SELECT * FROM CHANGETABLE(CHANGES MyTable, @s) AS CT

  • On peut aussi connaitre quelles sont les colonnes qui ont été touchées par une modification avec la fonction CHANGE_TRACKING_IS_COLUMN_IN_MASK()

Quelques conseils

  • Par sécurité, tester toujours si la version à partir de laquelle on veut synchroniser est bien valide (le thread de nettoyage a pu passer avant) avec la fonction CHANGE_TRACKING_MIN_VALID_VERSION()
  • Microsoft recommande que la base soit en isolation SNAPSHOT pour s'assurer de lire une version stable en cas d'activité pendant la synchronisation.
  • Surveiller le volume occupé par le Change Tracking. Limiter la rétention si nécessaire.

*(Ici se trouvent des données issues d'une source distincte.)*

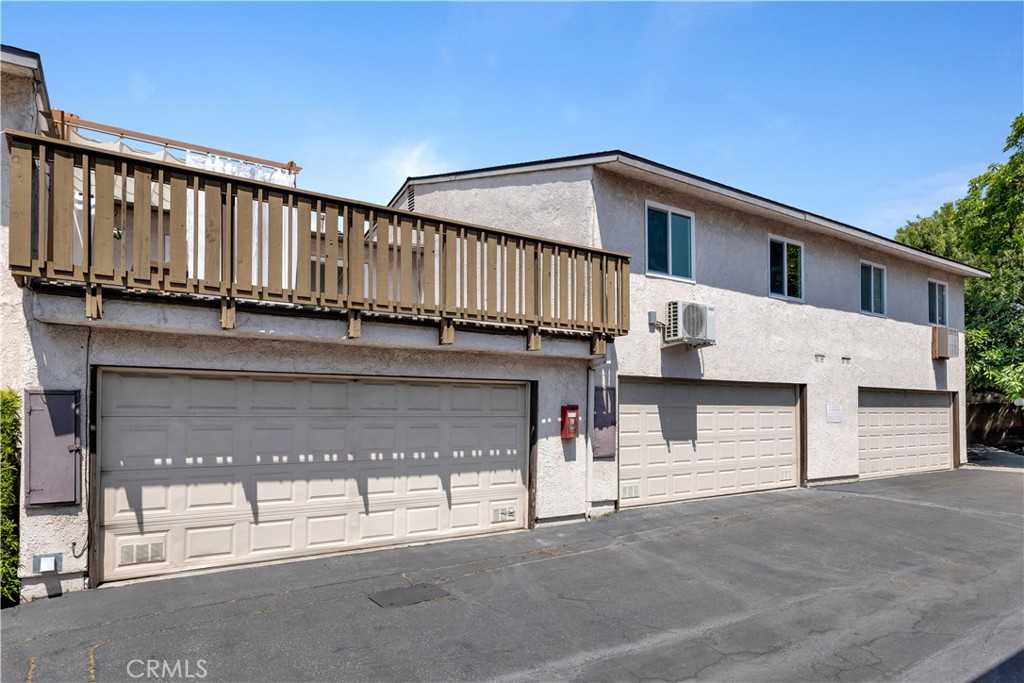 801 E Acacia Avenue F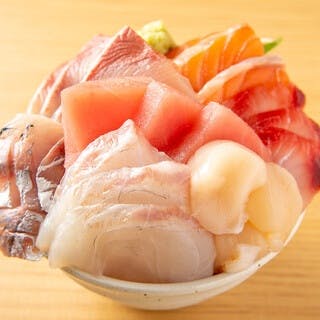 漁港直送の新鮮な海鮮料理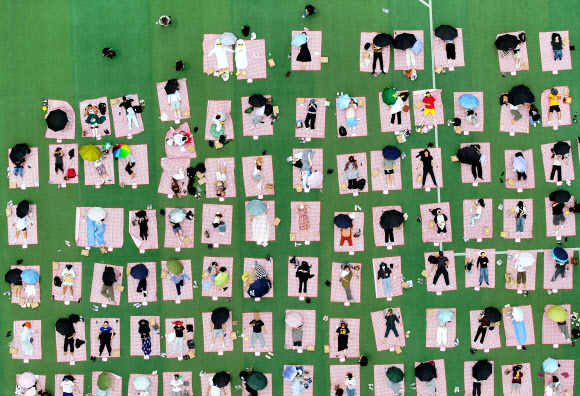 21일 오후 광주 동구 조선대학교 운동장에서 열린 대놓고 잠자기 대회에서 시민과 학생 참가자들이 낮잠을 자고 있다. 2025.5.21. 연합뉴스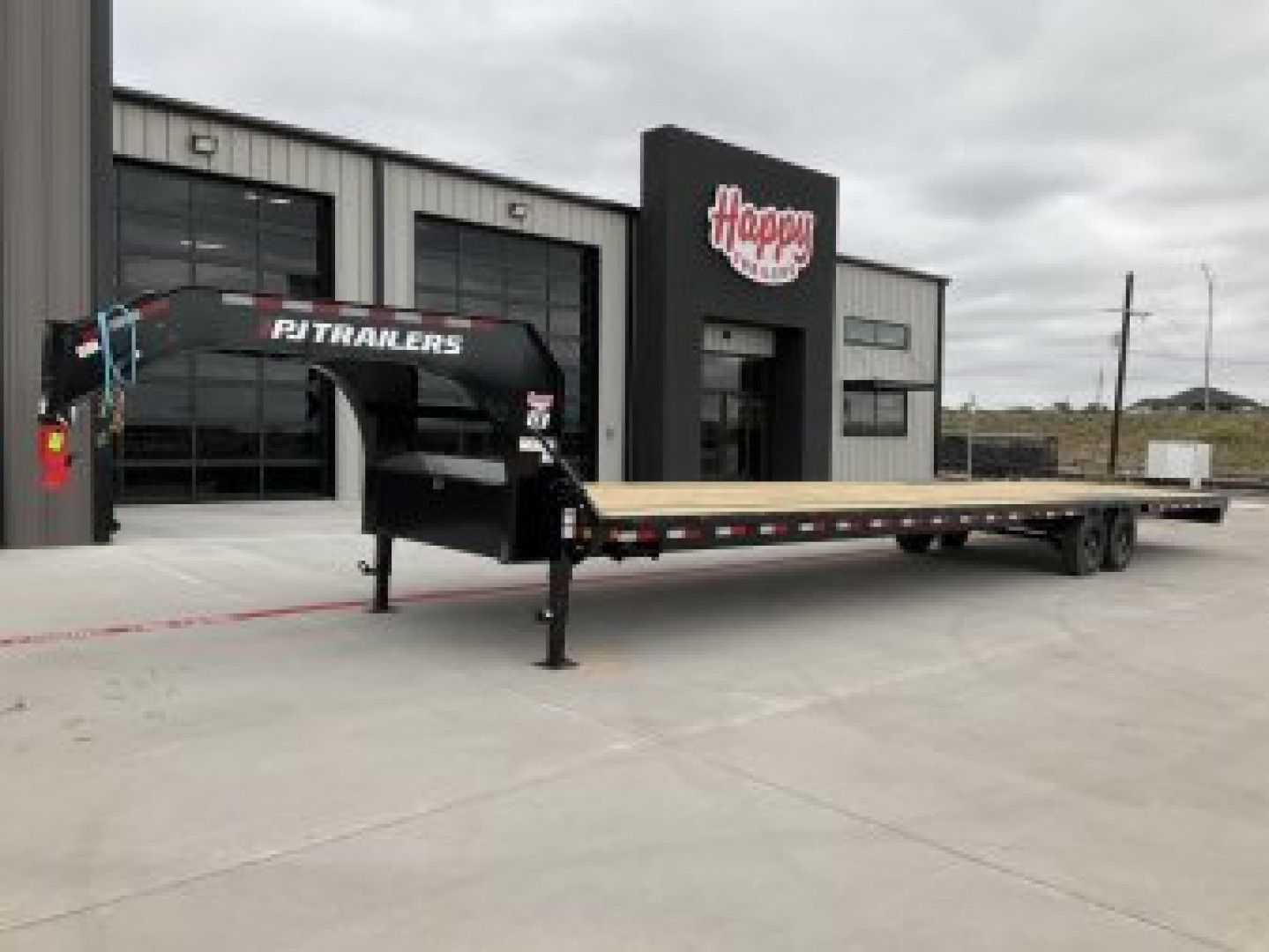 New 2026 PJ 102"x40' GN Low-Pro Flatbed w/ Singles - LS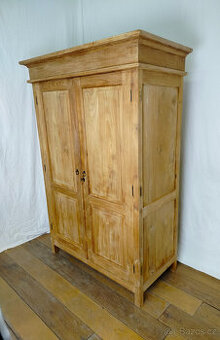 Velká masivní skříň - TEAK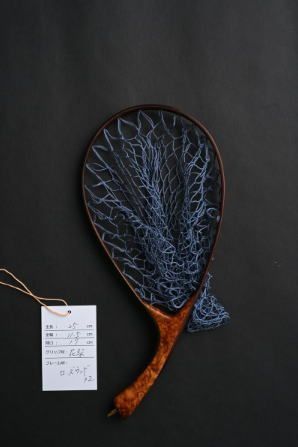 ワイズカスタム ランディングネット25ｃｍカーブ グリップﾟ 花梨瘤 ネット ロイヤルブルー25110006 手編みネットはクレモナ糸1本で編み込んであります 発送方法 クロネコヤマト宅急便 当店はワイズカスタム社の正規ディーラーです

Trop de volume peut aussi provoquer des problèmes de concurrence d'accès avec le thread de nettoyage : vous n'avez aucun moyen de contrôler à quel moment il s'exécute. En cas de problème, vous pouvez empêcher le nettoyage en le désactivant ou en prolongeant la durée de rétention.
  • Pour les tables partitionnées : pas possible de faire un SWITCH PARTITION avec un Change Tracking activé
  • Pour AllwaysOn : ne jamais effectuer la lecture des modifications sur un réplica, uniquement sur le primaire.